* Problem statement
Whatever lies between the line with "Used 2017 Jeep" and the end of the data, both included, must be copied exactly and without pictures.

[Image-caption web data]

-*-

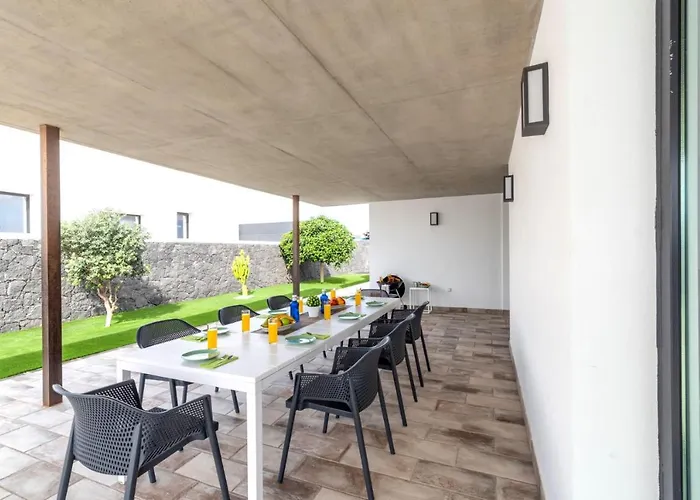 Salvia By 别墅 普拉亚布兰卡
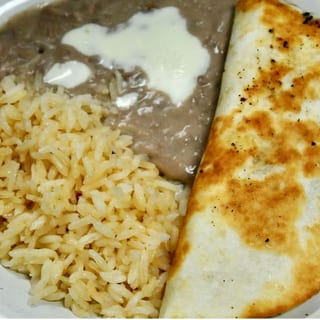 25. Quesadilla Dinner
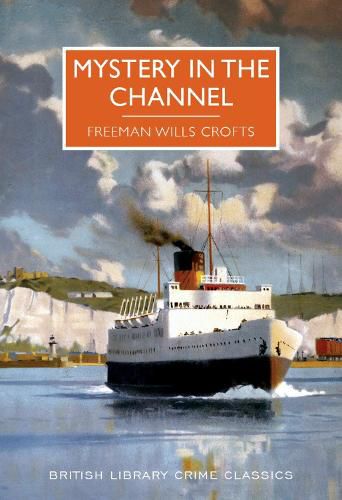 Cover image for Mystery in the Channel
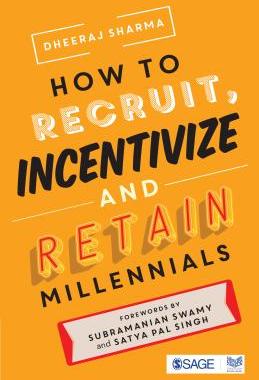 【预订】How to Recruit, Incentivize and Retain Millennials
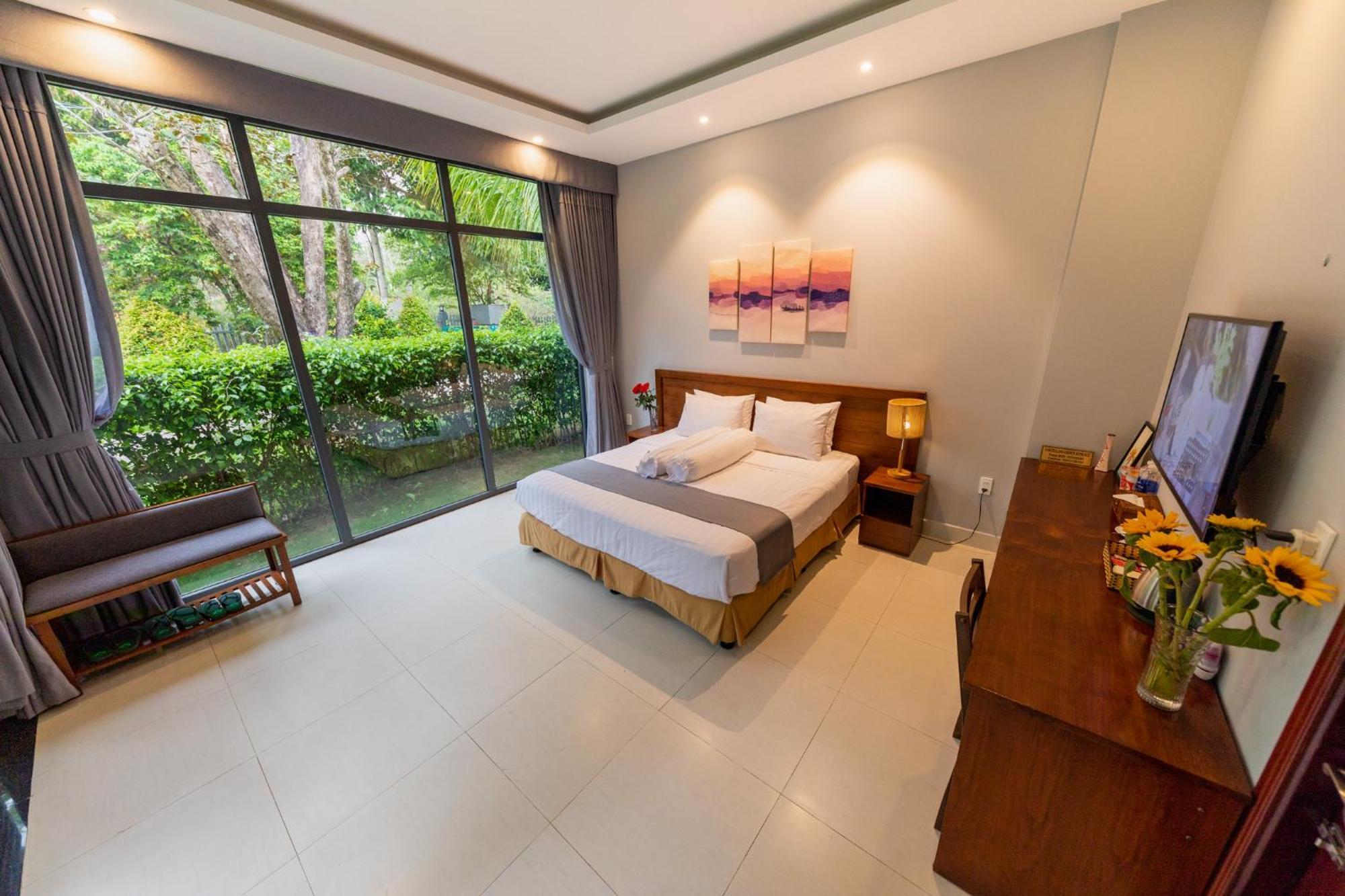 Emerald Garden Retreat Phu Quoc Kamer foto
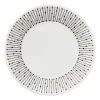 Plat Mainio Sarastus Ø11,5 cm, Noir-blanc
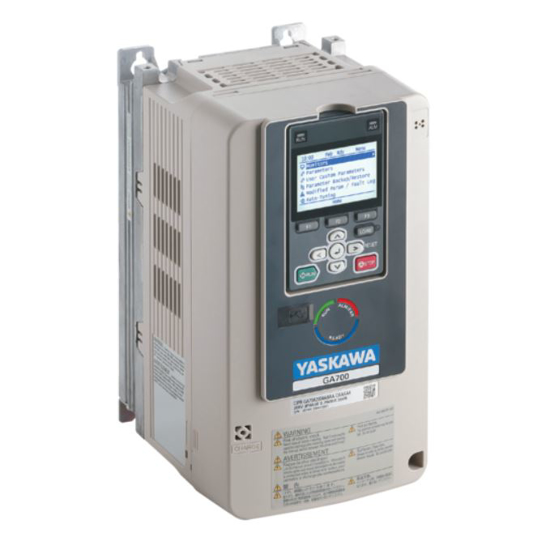 Picture of Variador Trifásico 18.5|15 KW (ND|HD) Vectorial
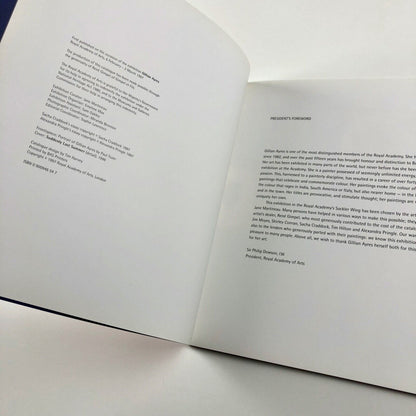 Gillian Ayres | Royal Academy of Arts 1997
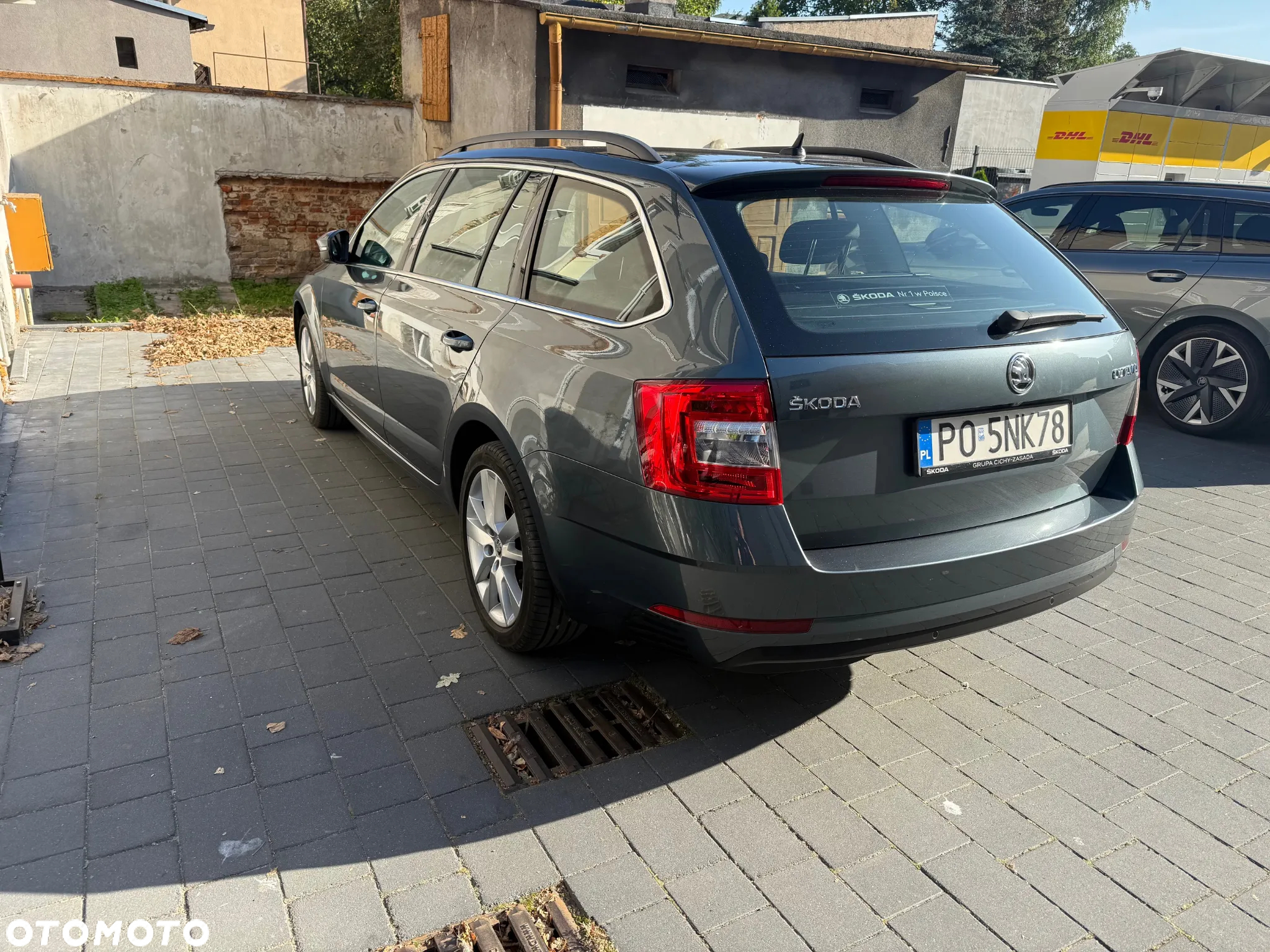 Skoda Octavia 2.0 TDI SCR Style - 4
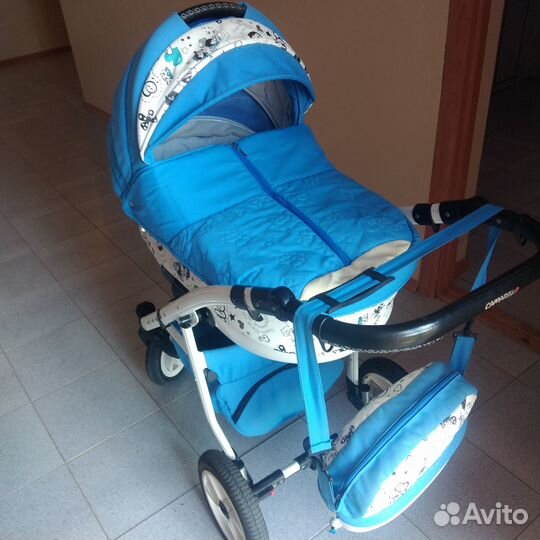Детские коляски 2 в 1
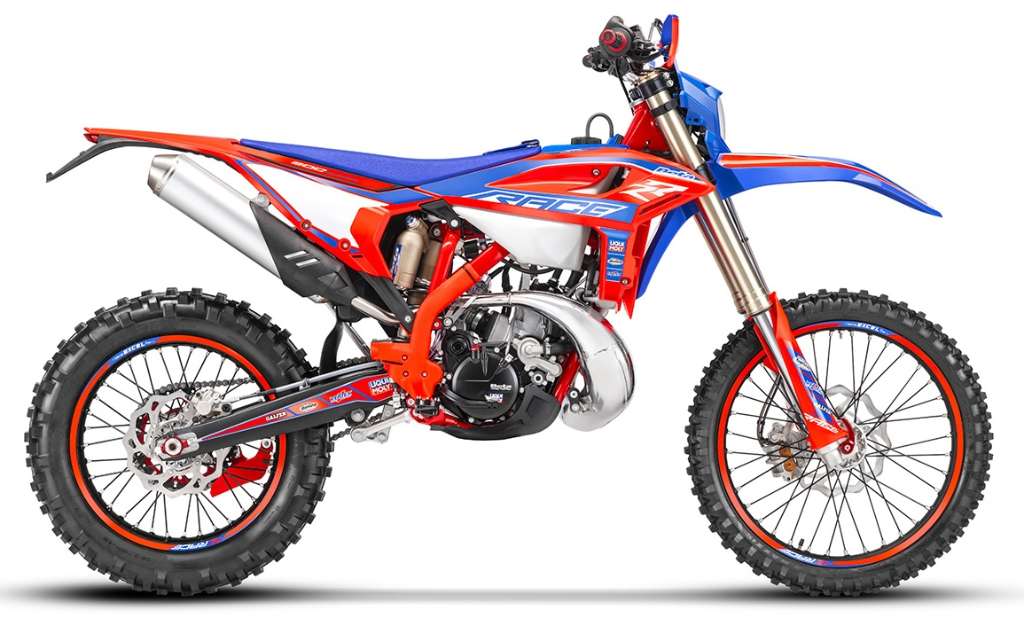 Beta RR Beta RR Race 125 2T MY2025 NEU und sofort Verfügbar! inkl. Straßenzulassung! Enduro E...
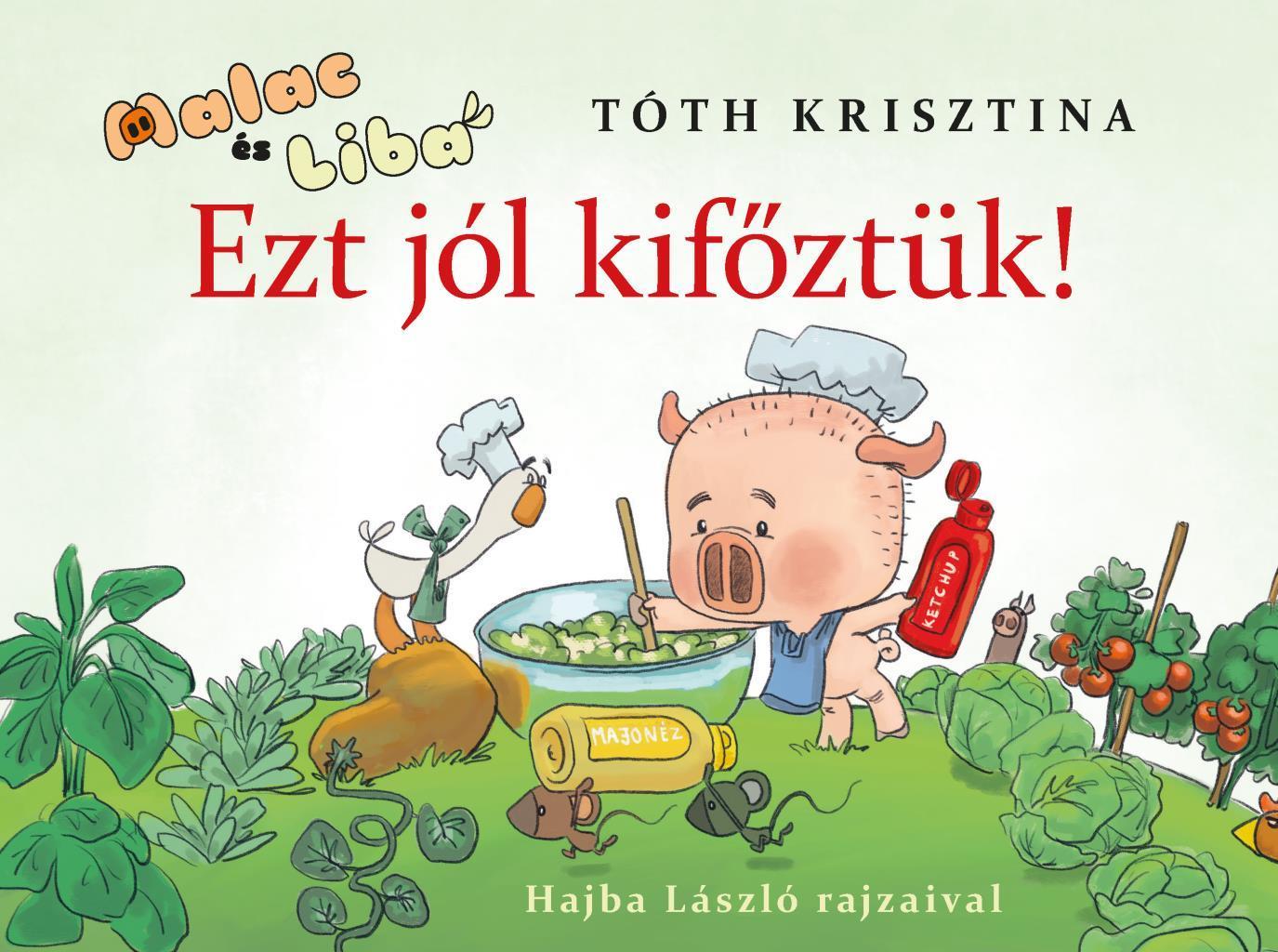 Malac és Liba 7.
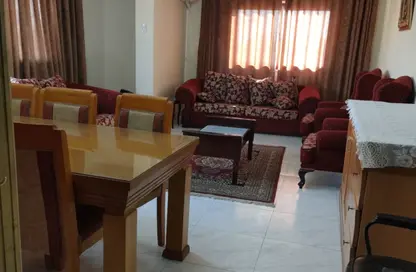 Apartment - 2 Bedrooms - 1 Bathroom for rent in Al Thawra St. - Almazah - Heliopolis - Masr El Gedida - Cairo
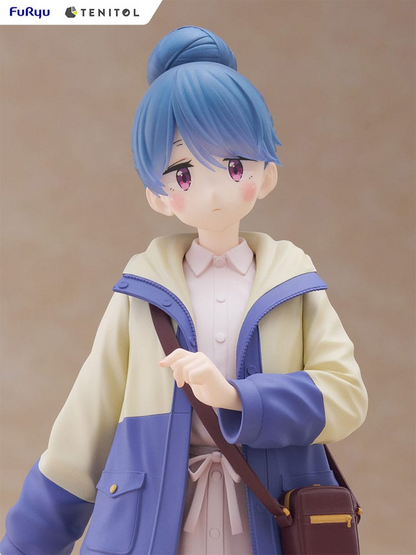 Laid-Back Camp Rin Shima Tenitol Figure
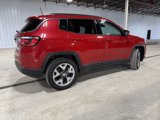Used 2017 Jeep Compass Limited w/ Navigation Group image 6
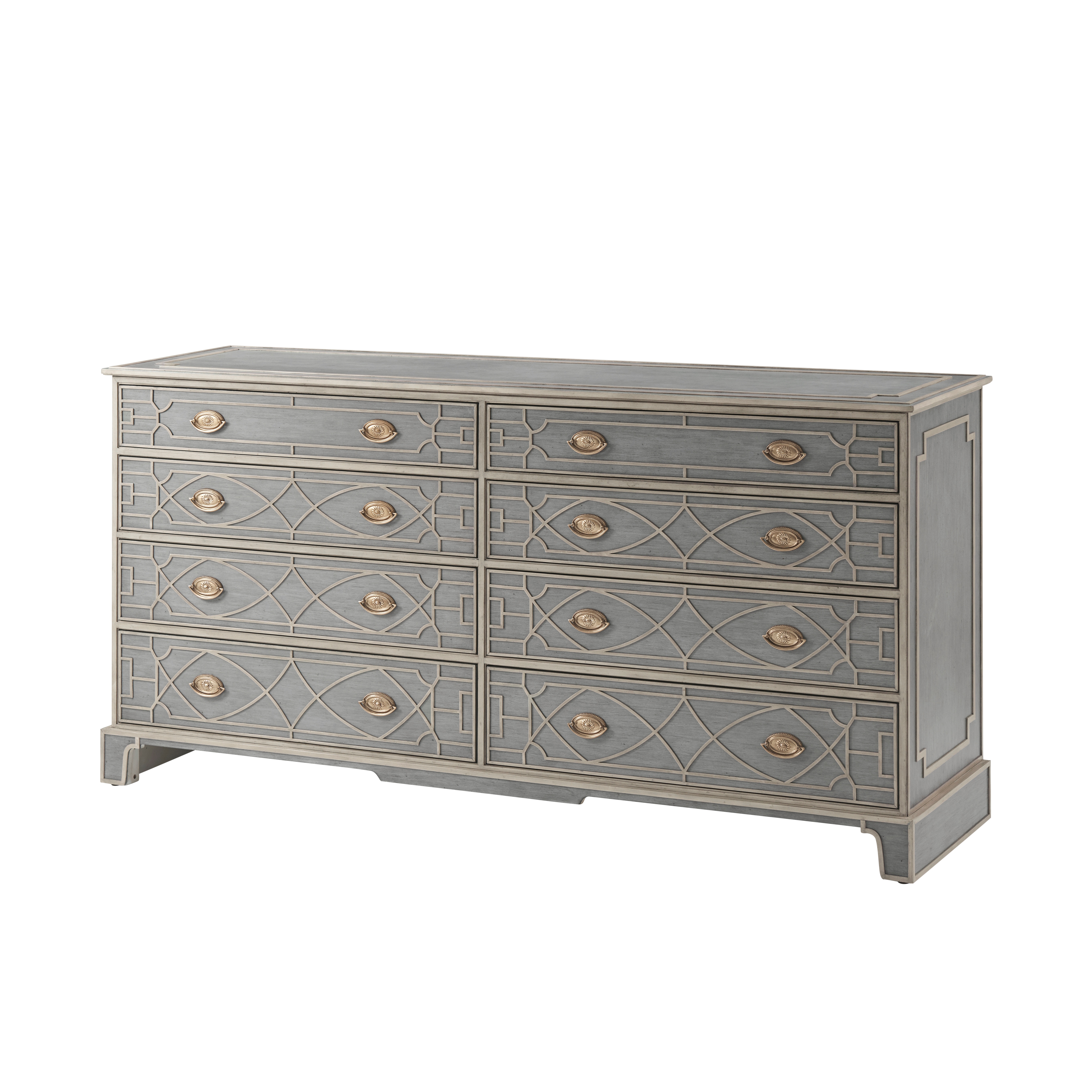 Theodore Alexander Furniture TA60031 Bedroom Morning Room Dresser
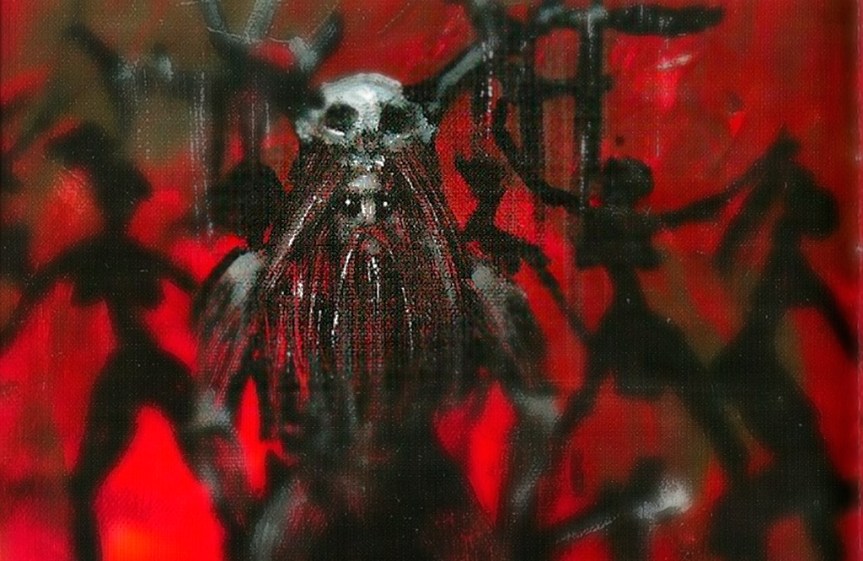 [Resenha] New Model Army – Between Wine and&nbsp;Blood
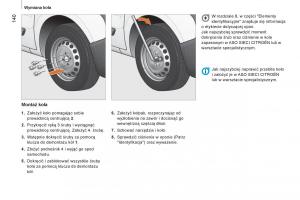 Citroen-Nemo-instrukcja-obslugi page 142 min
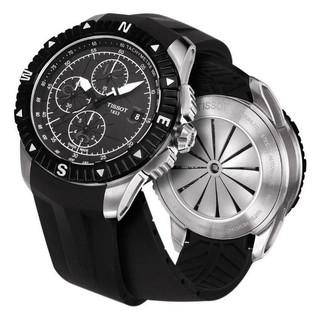 TISSOT 天梭 T-Navigator系列 T062.427.17.057.00 男士机械腕表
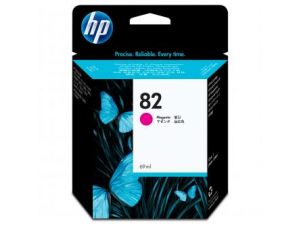 HP Tusz C4912A Nr82 Magenta HP82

-*-

* Response below
Used 2017 Jeep Compass Limited w/ Navigation Group image 6
 Theodore Alexander Furniture TA60031 Bedroom Morning Room Dresser
 [Resenha] New Model Army – Between Wine and&nbsp;Blood
 Citroen-Nemo-instrukcja-obslugi page 142 min
 TISSOT 天梭 T-Navigator系列 T062.427.17.057.00 男士机械腕表
 HP Tusz C4912A Nr82 Magenta HP82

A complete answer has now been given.